With no work to speak of, Furth rarely came to the office. When she did make her way in, it was to fill another shredder with the remnants left in the wake of another partner’s departure. Your time,” she says, “was better spent job searching.”

As she began her search, Furth was further daunted by the fact that some of those with whom she interviewed seemed more interested in Howrey’s woes than her credentials, with one big firm partner telling her bluntly: “You do realize you are 150 percent unemployable?”

In the end, that statement proved 150 percent wrong. Indeed, it only took Furth until May to find a job with litigation boutique Bowles Verna in Walnut Creek, California. “I can’t explain to people how happy I am,” says Furth, who says she has already second-chaired a trial and gotten countless other opportunities that wouldn’t have been available to her as a second-year associate at big firm.

Still, Furth hasn’t forgotten the uneasy feelings of those final few months, when she and other associates felt they’d been largely abandoned in a leaderless office. Looking back, Furth says the experience gave her “a very different view of big law” than others likely have. “But I’m not pessimistic at all,” she says. “I’m not angry. I’m not irate. I’m not upset. … I have a deeper understanding of places I’m glad I’m not in. If nothing else, that’s been a great benefit to me.”

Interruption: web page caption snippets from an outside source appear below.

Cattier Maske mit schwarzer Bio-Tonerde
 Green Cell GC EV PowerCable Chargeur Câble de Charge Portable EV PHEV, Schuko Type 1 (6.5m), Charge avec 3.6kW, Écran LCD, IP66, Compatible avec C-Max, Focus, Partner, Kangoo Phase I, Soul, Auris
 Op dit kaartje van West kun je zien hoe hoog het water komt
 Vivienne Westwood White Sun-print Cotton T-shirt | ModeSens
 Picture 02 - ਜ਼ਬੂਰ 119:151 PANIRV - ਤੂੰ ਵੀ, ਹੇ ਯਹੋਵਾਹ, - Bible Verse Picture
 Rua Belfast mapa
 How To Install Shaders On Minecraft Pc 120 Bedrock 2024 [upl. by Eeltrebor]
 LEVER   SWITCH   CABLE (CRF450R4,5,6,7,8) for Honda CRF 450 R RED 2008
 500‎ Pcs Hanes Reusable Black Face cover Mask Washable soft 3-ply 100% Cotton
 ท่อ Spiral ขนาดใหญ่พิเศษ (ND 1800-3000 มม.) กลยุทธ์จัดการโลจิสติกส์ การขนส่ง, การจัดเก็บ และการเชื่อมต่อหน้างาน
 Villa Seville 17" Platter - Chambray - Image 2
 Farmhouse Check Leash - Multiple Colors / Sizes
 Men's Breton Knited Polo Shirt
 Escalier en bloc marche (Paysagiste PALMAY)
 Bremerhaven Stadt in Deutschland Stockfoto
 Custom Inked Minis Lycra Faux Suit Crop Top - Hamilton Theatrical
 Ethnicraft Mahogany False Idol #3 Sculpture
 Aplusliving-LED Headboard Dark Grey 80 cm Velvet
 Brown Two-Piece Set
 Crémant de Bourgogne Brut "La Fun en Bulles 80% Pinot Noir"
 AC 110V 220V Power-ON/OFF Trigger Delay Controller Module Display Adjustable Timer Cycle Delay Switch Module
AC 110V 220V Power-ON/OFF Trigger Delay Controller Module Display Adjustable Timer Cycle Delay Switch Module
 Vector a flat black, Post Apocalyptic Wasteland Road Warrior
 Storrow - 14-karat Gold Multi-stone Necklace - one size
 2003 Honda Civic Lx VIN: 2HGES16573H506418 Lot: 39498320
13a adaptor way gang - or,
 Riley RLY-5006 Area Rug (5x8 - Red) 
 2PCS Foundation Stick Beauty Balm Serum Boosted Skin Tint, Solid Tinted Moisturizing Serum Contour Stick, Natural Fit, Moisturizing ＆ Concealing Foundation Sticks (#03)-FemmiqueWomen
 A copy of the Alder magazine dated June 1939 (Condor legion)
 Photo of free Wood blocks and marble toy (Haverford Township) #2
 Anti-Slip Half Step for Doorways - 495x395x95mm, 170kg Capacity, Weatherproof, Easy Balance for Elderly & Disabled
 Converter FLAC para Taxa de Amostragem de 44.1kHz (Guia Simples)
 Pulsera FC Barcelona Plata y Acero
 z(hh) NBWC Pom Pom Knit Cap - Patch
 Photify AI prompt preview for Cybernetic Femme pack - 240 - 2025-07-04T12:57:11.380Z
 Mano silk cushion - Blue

As with virtually any job change, the move from big firm to small has had its drawbacks. For Levy, one of the main ones is no longer having a staff to help with logistical details. One of her most difficult days in the past year, she says, was her first day at Bailey Gary, when she had to prepare a retainer letter for a new client and send out a legal document related to an insurance issue—all before Passover started at sundown. “I think I wasted about four hours that morning, because they had the new Microsoft Word,” she says.

Anderson says the biggest challenge was having to almost immediately find his own health insurance after learning that Howrey’s dissolution made it impossible for him to obtain COBRA coverage. “It was a fascinating and horrifying experience applying” for an individual plan, he says, adding that he probably spent 50 hours sorting it all out.

For Ortel, who says that Howrey still owes her a bonus promised in late 2010, one major challenge that arose soon after she joined Future was trying to finish a pro bono assignment she started at Howrey without the benefit of a pro bono practice. With the help of a former Howrey partner, Ortel continued her representation of a taxi driver sued by an insurance company following a car accident, ultimately losing at trial but winning a default judgment against his former employer to pay the damages.

Difficulties aside, all the members of the Howrey diaspora interviewed for this story say they feel fortunate to have landed where they did, and that the change of direction has been much more rewarding than big firm life.

Levy recalls coming into the Howrey offices on March 30, the day associates received termination notices, and finding what she describes as “a scene from a movie set”: stacks of boxes, empty binders strewn across the floor, clothing still left on hangers in hastily abandoned offices.

“I don’t ever want to be in that situation that I was in last year again,” says Levy. “I do not want anyone else controlling my destiny. I would like to control my own destiny.”